Dairy farmers shutting up shop over unviable market conditions

An advocacy group for dairy farmers is calling on the federal government to consider reintroducing an 11 cent a litre levy on the retail price of milk, saying it could save the industry in Australia.

Dairy Connect CEO Shaughn Morgan said that many dairy farmers cannot continue in the current conditions with low farm gate, high fodder prices, increasing energy costs and “unfair milk supply agreements”.

“Farmer families are exiting dairying because, in current terms, the sector is not delivering a viable economic framework for their farming enterprises,” Morgan said.

Morgan said dairy farmers are at risk of being locked into low milk price agreements for up to five years because of delays in introducing a federal Mandatory Dairy Code of Conduct recommended by the ACCC, which is scheduled for introduction in mid-2020.

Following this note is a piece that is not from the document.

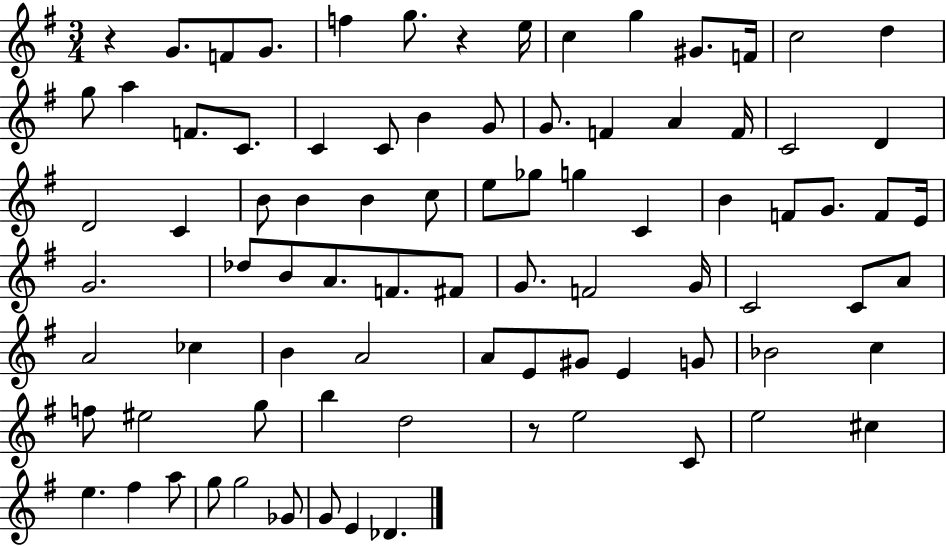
R/q G4/e. F4/e G4/e. F5/q G5/e. R/q E5/s C5/q G5/q G#4/e. F4/s C5/h D5/q G5/e A5/q F4/e. C4/e. C4/q C4/e B4/q G4/e G4/e. F4/q A4/q F4/s C4/h D4/q D4/h C4/q B4/e B4/q B4/q C5/e E5/e Gb5/e G5/q C4/q B4/q F4/e G4/e. F4/e E4/s G4/h. Db5/e B4/e A4/e. F4/e. F#4/e G4/e. F4/h G4/s C4/h C4/e A4/e A4/h CES5/q B4/q A4/h A4/e E4/e G#4/e E4/q G4/e Bb4/h C5/q F5/e EIS5/h G5/e B5/q D5/h R/e E5/h C4/e E5/h C#5/q E5/q. F#5/q A5/e G5/e G5/h Gb4/e G4/e E4/q Db4/q.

An 11 cent milk levy was introduced when the dairy industry was deregulated 20 years ago, but expired after eight years.

Former ACCC chairman Professor Allan Fels, who oversaw deregulation of the sector, said dairy farmers need a fair return to ensure sustainability of the industry.

“To my mind, the levy was an adequate solution for that period following the deregulation of the dairy sector and it expired at a time when the industry had adjusted to the new way of operating,” Fels told the Weekly Times.

“Obviously, times change and sometimes this form of assistance can be re-
examined, particularly in light of the difficulties faced by farmers.”

Dairy Australia has indicated that Australian milk production, for the 2019/2020 season, continues to decline with production down 8.4 per cent on the same time last year.